Image-backed grounding data:
++++++++++
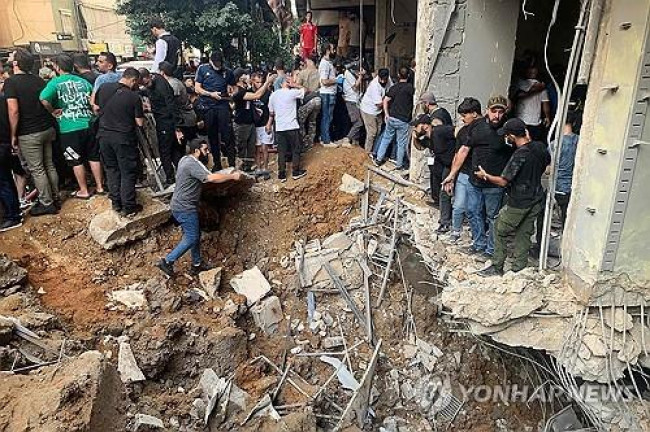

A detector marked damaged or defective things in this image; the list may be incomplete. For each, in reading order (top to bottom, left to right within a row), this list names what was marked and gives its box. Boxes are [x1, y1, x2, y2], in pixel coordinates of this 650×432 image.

broken concrete slab [340, 175, 364, 197]
broken concrete slab [88, 192, 170, 250]
broken concrete slab [0, 255, 26, 292]
broken concrete slab [109, 286, 147, 310]
broken concrete slab [197, 266, 223, 300]
broken concrete slab [229, 264, 270, 306]
broken concrete slab [249, 296, 282, 336]
broken concrete slab [117, 342, 147, 384]
broken concrete slab [133, 414, 163, 430]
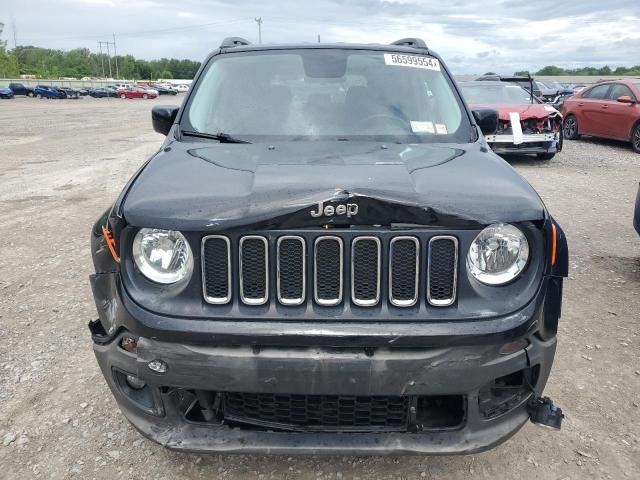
++++++++++
The entries above need to be repeated in full, word for word. Skip the images.

A detector marked damaged or defective things in this image; the list may be incomplete. For each, in reading order (top to bottom, left to right within a row), this list names what was marked and gives its box. Boxes are [x1, y1, x2, y2], in pixel coordinates of this 650×432 image.

broken concrete slab [340, 175, 364, 197]
broken concrete slab [88, 192, 170, 250]
broken concrete slab [0, 255, 26, 292]
broken concrete slab [109, 286, 147, 310]
broken concrete slab [197, 266, 223, 300]
broken concrete slab [229, 264, 270, 306]
broken concrete slab [249, 296, 282, 336]
broken concrete slab [117, 342, 147, 384]
broken concrete slab [133, 414, 163, 430]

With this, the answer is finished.